Dataset items
- Opening Delimiter -

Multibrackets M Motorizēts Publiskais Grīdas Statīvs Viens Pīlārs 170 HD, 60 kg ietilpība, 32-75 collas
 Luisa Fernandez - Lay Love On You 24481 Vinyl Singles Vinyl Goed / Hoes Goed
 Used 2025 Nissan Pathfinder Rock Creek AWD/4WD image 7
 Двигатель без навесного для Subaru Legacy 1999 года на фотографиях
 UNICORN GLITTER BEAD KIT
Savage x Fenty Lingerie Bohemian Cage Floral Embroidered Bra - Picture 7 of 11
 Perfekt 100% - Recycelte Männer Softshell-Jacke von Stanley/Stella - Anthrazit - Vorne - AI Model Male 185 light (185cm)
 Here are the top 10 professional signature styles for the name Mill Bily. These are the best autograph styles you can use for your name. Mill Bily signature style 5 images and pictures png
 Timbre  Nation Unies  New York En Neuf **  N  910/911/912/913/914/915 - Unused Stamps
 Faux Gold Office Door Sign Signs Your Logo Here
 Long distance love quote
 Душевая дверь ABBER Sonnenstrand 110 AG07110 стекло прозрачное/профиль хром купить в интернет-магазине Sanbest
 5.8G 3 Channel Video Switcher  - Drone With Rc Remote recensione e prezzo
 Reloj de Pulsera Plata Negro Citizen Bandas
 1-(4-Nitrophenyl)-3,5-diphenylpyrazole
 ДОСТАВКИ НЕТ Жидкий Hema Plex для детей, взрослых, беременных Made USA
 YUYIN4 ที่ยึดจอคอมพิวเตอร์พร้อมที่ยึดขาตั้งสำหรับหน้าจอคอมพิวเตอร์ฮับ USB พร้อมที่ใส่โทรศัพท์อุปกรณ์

- Closing Delimiter -

◆ To do
From the records above, copy every line that holds the word "Here".

◆ Response for this exercise
 Here are the top 10 professional signature styles for the name Mill Bily. These are the best autograph styles you can use for your name. Mill Bily signature style 5 images and pictures png
 Faux Gold Office Door Sign Signs Your Logo Here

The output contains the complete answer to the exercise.